*** TASK MATERIAL Section Begins ***

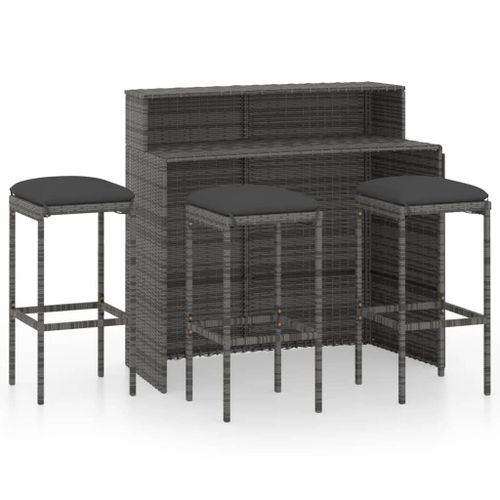 Vidaxl Ensemble De Bar De Jardin Avec Coussins 4 Pcs Gris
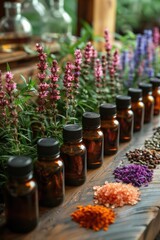 Aromatherapy essential oils in amber bottles with lavender and other herbs on a wooden table.
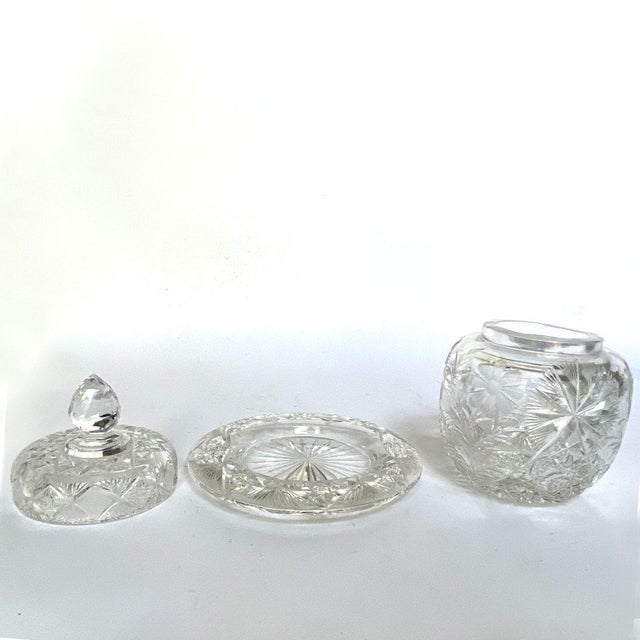 1900 - 1909 American Brilliant Cut Glass Cornflower Covered Jar and Underplate For Sale - Image 5 of 10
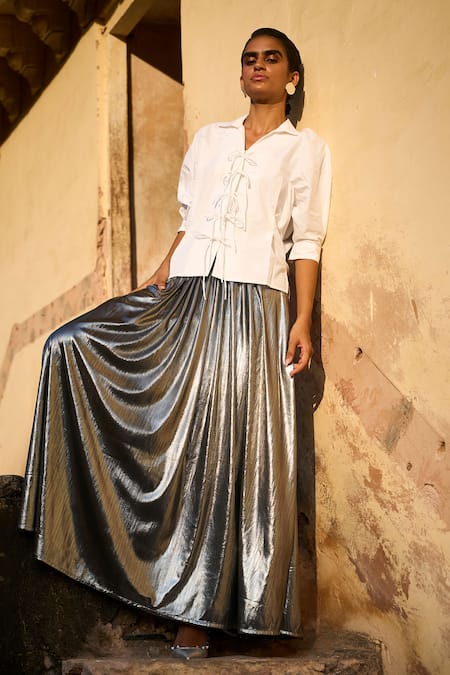 Buy_Dash And Dot_Silver Polyester Smocked Waist Metallic Maxi Skirt _Online_at_Aza_Fashions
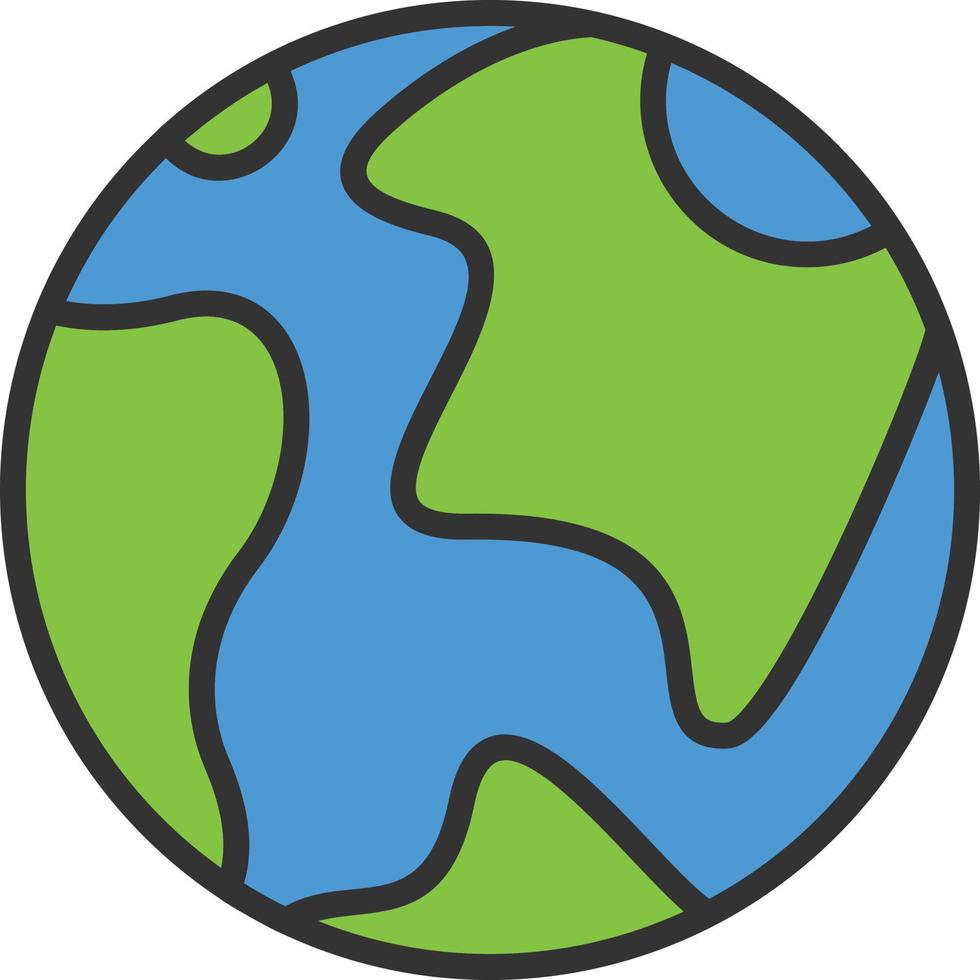 Earth Line Filled Icon vector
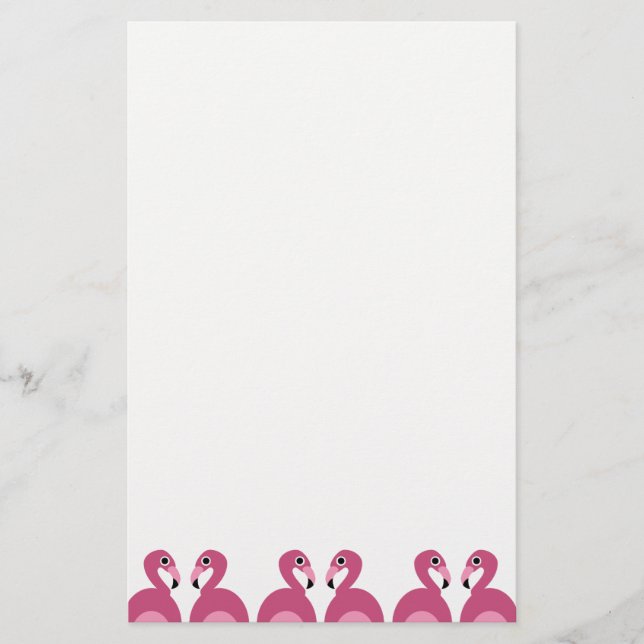Pink Flamingos Border - Stationery Letterhead (Front)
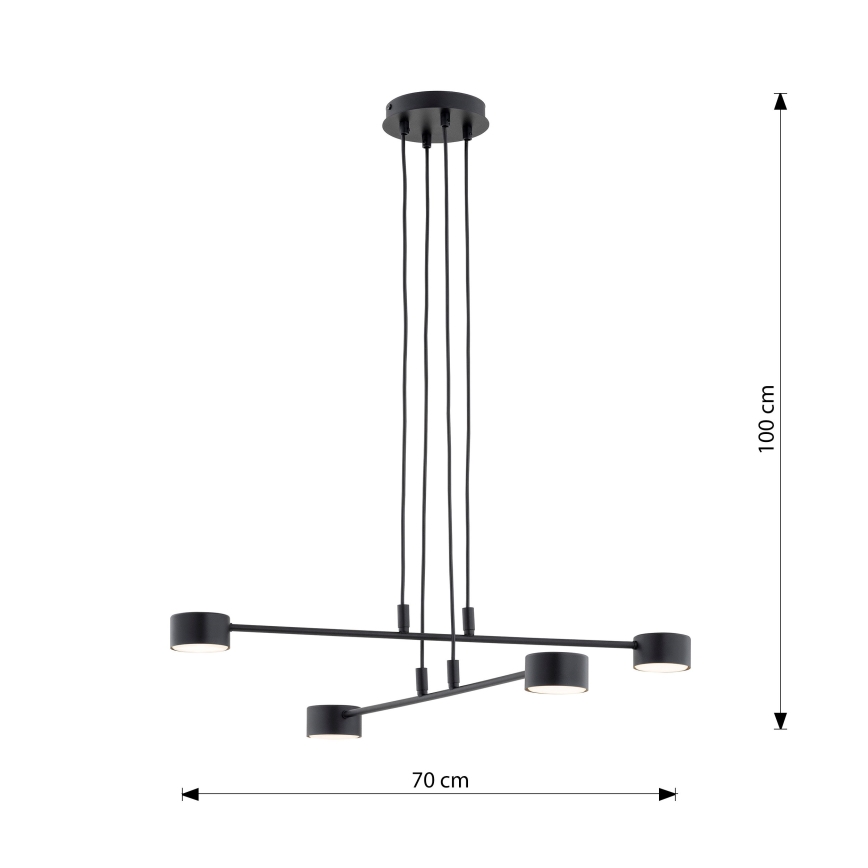 Κρεμαστό φωτιστικό οροφής MODUS 4xGX53/12W/230V μαύρο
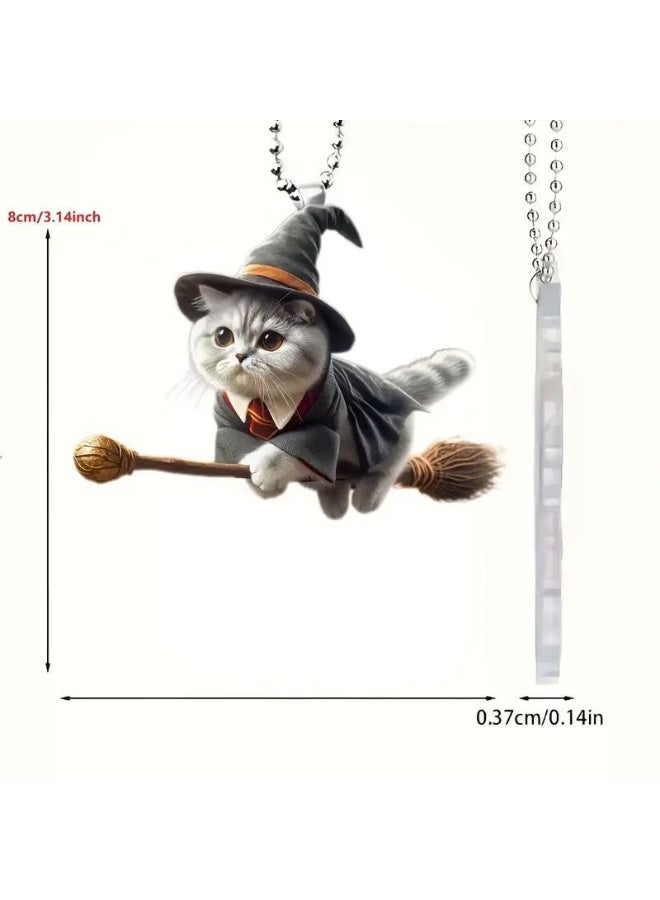 Generic 2 Packs Cat-Shaped Car Mirror Accessories, Lovely Car Accessories,Cat Car Pendant, Lovely Cat Car Decoration for Rearview Mirror Hanging Car Interior Accessories  - Image 3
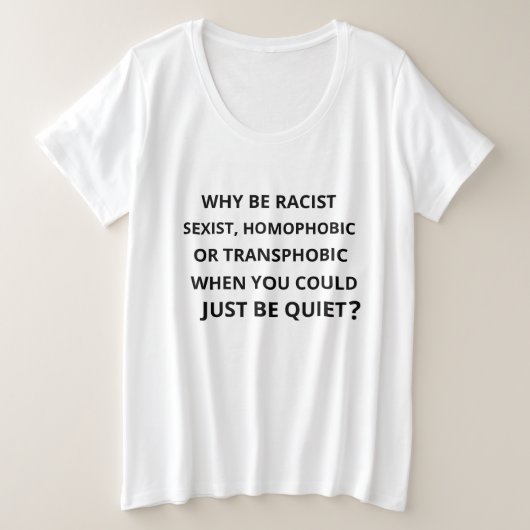 Waarom racistisch? grote maat t-shirt (Design voorkant)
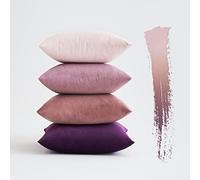 MIULEE Set of 4 Velvet Cushion Covers Soft Decorative Square Throw Pillow Cover Luxury Pillowcases for Livingroom Sofa Bedroom with Invisible Zipper 45cm x 45cm,18x18 Inches Purple Series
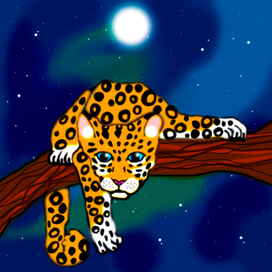 леопард на ветке дерева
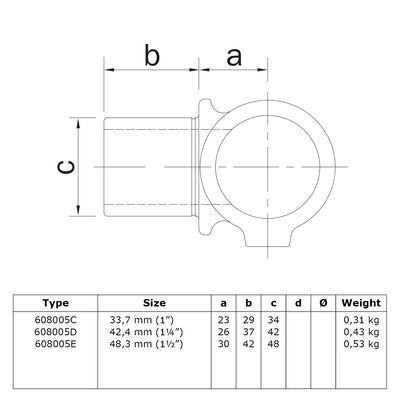 T-stuk intern draaibaar 48,3 mm technische tekening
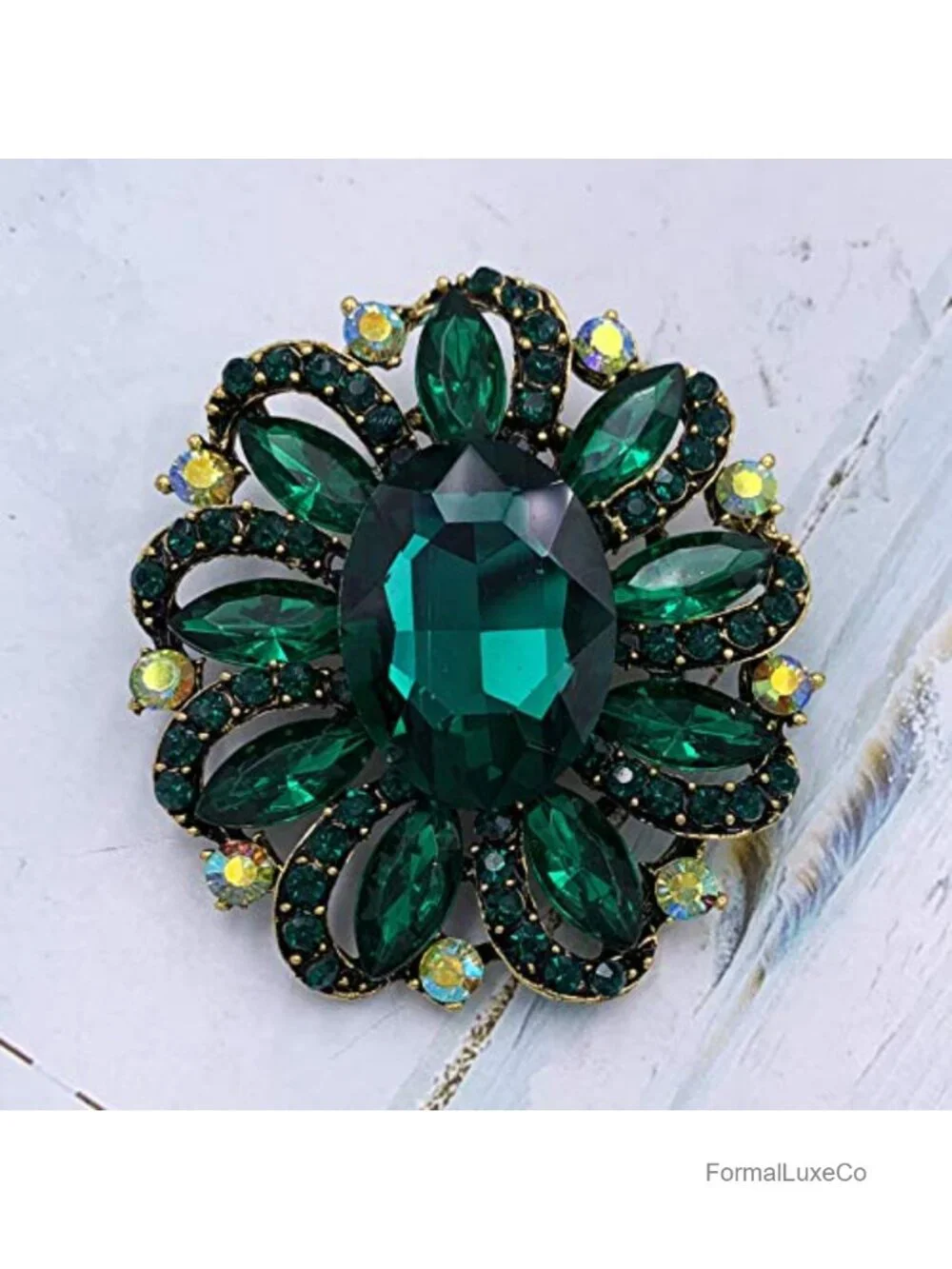 Flower Rhinestone Statement Brooch Pin Antique Gold Tone Alloy Crystal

*** TASK MATERIAL Section Ends ***

PROBLEM DETAILS: Return the lines from the one containing "MIULEE Set of" through the last line of the records, both included, exactly as written and with no pictures.

RESPONSE BOX:
 MIULEE Set of 4 Velvet Cushion Covers Soft Decorative Square Throw Pillow Cover Luxury Pillowcases for Livingroom Sofa Bedroom with Invisible Zipper 45cm x 45cm,18x18 Inches Purple Series
 леопард на ветке дерева
 T-stuk intern draaibaar 48,3 mm technische tekening
 Flower Rhinestone Statement Brooch Pin Antique Gold Tone Alloy Crystal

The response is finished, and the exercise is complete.